EXERCISE INSTRUCTIONS: From the line containing "Levi's 514 Straight" onward, every line of the entries is to be set down exactly, the last line included.

RECORD EXTRACTS:

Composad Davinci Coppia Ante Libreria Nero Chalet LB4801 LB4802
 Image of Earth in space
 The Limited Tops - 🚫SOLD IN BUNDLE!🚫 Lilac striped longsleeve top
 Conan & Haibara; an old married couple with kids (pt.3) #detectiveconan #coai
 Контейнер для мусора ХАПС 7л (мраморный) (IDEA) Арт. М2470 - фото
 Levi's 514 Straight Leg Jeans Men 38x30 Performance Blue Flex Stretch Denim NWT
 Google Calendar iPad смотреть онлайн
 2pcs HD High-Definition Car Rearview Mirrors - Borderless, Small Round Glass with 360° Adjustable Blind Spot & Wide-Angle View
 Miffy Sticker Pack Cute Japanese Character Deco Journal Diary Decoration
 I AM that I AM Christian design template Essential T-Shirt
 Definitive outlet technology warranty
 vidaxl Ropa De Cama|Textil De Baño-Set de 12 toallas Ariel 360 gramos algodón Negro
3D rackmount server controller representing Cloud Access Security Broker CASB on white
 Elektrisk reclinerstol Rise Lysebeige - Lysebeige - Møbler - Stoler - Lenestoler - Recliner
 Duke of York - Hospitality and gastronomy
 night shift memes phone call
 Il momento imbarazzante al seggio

OUTPUT:
 Levi's 514 Straight Leg Jeans Men 38x30 Performance Blue Flex Stretch Denim NWT
 Google Calendar iPad смотреть онлайн
 2pcs HD High-Definition Car Rearview Mirrors - Borderless, Small Round Glass with 360° Adjustable Blind Spot & Wide-Angle View
 Miffy Sticker Pack Cute Japanese Character Deco Journal Diary Decoration
 I AM that I AM Christian design template Essential T-Shirt
 Definitive outlet technology warranty
 vidaxl Ropa De Cama|Textil De Baño-Set de 12 toallas Ariel 360 gramos algodón Negro
3D rackmount server controller representing Cloud Access Security Broker CASB on white
 Elektrisk reclinerstol Rise Lysebeige - Lysebeige - Møbler - Stoler - Lenestoler - Recliner
 Duke of York - Hospitality and gastronomy
 night shift memes phone call
 Il momento imbarazzante al seggio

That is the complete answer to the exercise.